We continue our discussion about the symphony in four quarters commonly known as basketball with a new BasketBeats, featuring Dirk Nowitzki and the Avett Brothers.
Co-fronted by (surprise) brothers Tim and Scott Avett, the Avett Brothers defy genres. They recently won the CMT Artist of the Year award, but they’re not really a country band. Some might call them a folk band, other may categorize them as bluegrass, and a third group may say they’re a rock band. The truth is, it doesn’t matter what they are; it just matters that they’re damn good.
So what does a seven-foot tall German have in common with a folk-country-rock-bluegrass-indie band? Quite a bit, actually. Like the Avett Brothers, Dirk transcends labels and stereotypes. He’s European, but he’s not soft. He’s got great range on his jumper, but that doesn’t stop him from banging in the post. His ridiculous turnaround, off-balanced, off one foot jump shot shouldn’t go in, but it does.
As I said, the singing duties for the Avett Brothers are shared by Tim and Scott.
Tim’s is an airy, lighter voice. It’s gentle, but there’s an undeniable strength to be found in it as well. There’s a definite hint of a country twang present in his voice on some songs.
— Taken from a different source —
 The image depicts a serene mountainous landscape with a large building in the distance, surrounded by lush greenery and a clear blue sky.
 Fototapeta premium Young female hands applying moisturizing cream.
Scott’s voice is a stark contrast to his brothers. It’s deeper, much more resonant and coarser than Tim’s. Scott also has that rare ability to shout yet still sing at the same time, which never fails to send goosebumps up your spine.
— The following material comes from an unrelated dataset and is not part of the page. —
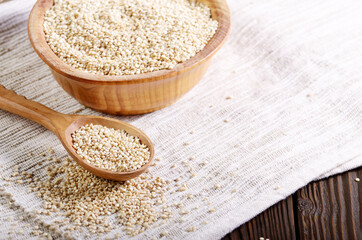 Raw organic superfood gluten free quinoa seeds in wooden spoon and bowl on kitchen table closeup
Tim’s voice represents the, for lack of a better word, “pretty” side of Nowitzki’s game; namely, his jump shot. Dirk sports one of the most beautiful jump shots in the league today. He’s honed that skill to such a point that it’s a surprise when it doesn’t go in. European bigs are often stereotyped as having good jump shots, but there’s a difference between good and this:
As for Scott, his voice represents the other side of Nowitzki: the previously mentioned impossible turn around and his seemingly uncoordinated yet deceptively graceful drives to the rim and his. They’re not quite ugly, but at least at first, they’re not the easiest thing to watch. Once you realize the beauty behind those moves however, you can’t bear to look away.
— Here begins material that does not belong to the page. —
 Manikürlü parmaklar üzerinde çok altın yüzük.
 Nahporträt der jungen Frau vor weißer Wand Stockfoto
The final parallel to be drawn between the Avett Brothers and Dirk Nowitzki is the perception of their career. The Avett Brothers’ popularity has grown exponentially in the past few years, thanks to their album “I and Love and You,” their performance with Bob Dylan and Mumford and Sons, and the CMT award. Their music is reaching new audiences, which is fantastic; the world needs more music like theirs. But it’s not as if they’re an overnight sensation. These guys have making incredible music since 2000, and while I’m sure they appreciate the awards, they don’t need them to justify the quality of their music.
Those claiming that the Mavericks title run last summer justified Nowitzki’s career numbers, his MVP award and All-Star selections are mistaken. It certainly helped his credentials, but not winning a title wouldn’t have wiped away those prior accomplishments. He’s been one of the greats for more than a few seasons, and he didn’t need a title to justify that position.